### Exercise description
Below are some entries; can you quote all of them exactly?

'''

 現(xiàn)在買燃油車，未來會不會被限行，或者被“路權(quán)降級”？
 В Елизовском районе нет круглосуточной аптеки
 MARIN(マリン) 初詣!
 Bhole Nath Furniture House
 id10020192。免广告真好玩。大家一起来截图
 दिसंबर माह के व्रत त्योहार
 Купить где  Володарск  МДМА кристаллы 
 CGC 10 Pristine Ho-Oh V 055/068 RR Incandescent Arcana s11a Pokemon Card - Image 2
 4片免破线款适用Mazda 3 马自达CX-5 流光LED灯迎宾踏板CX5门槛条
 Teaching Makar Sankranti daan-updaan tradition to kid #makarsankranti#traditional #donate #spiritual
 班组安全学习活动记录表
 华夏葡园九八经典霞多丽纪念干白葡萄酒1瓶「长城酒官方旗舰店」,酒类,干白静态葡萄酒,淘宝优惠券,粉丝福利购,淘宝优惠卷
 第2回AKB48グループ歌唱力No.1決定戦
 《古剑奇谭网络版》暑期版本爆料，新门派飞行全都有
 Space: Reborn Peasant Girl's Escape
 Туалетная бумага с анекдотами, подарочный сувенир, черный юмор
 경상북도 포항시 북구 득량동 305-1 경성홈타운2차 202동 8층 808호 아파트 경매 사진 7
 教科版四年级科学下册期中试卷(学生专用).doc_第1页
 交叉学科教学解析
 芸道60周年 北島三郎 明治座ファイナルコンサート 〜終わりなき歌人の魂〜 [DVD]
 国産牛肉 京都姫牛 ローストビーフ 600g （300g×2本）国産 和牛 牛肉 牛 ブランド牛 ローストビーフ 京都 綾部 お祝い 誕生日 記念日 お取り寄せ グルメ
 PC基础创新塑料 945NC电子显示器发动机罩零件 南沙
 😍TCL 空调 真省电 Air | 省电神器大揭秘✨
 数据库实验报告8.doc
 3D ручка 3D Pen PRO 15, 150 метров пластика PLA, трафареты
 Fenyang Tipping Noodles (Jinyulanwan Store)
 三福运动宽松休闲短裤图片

'''

### Written reply
 現(xiàn)在買燃油車，未來會不會被限行，或者被“路權(quán)降級”？
 В Елизовском районе нет круглосуточной аптеки
 MARIN(マリン) 初詣!
 Bhole Nath Furniture House
 id10020192。免广告真好玩。大家一起来截图
 दिसंबर माह के व्रत त्योहार
 Купить где  Володарск  МДМА кристаллы 
 CGC 10 Pristine Ho-Oh V 055/068 RR Incandescent Arcana s11a Pokemon Card - Image 2
 4片免破线款适用Mazda 3 马自达CX-5 流光LED灯迎宾踏板CX5门槛条
 Teaching Makar Sankranti daan-updaan tradition to kid #makarsankranti#traditional #donate #spiritual
 班组安全学习活动记录表
 华夏葡园九八经典霞多丽纪念干白葡萄酒1瓶「长城酒官方旗舰店」,酒类,干白静态葡萄酒,淘宝优惠券,粉丝福利购,淘宝优惠卷
 第2回AKB48グループ歌唱力No.1決定戦
 《古剑奇谭网络版》暑期版本爆料，新门派飞行全都有
 Space: Reborn Peasant Girl's Escape
 Туалетная бумага с анекдотами, подарочный сувенир, черный юмор
 경상북도 포항시 북구 득량동 305-1 경성홈타운2차 202동 8층 808호 아파트 경매 사진 7
 教科版四年级科学下册期中试卷(学生专用).doc_第1页
 交叉学科教学解析
 芸道60周年 北島三郎 明治座ファイナルコンサート 〜終わりなき歌人の魂〜 [DVD]
 国産牛肉 京都姫牛 ローストビーフ 600g （300g×2本）国産 和牛 牛肉 牛 ブランド牛 ローストビーフ 京都 綾部 お祝い 誕生日 記念日 お取り寄せ グルメ
 PC基础创新塑料 945NC电子显示器发动机罩零件 南沙
 😍TCL 空调 真省电 Air | 省电神器大揭秘✨
 数据库实验报告8.doc
 3D ручка 3D Pen PRO 15, 150 метров пластика PLA, трафареты
 Fenyang Tipping Noodles (Jinyulanwan Store)
 三福运动宽松休闲短裤图片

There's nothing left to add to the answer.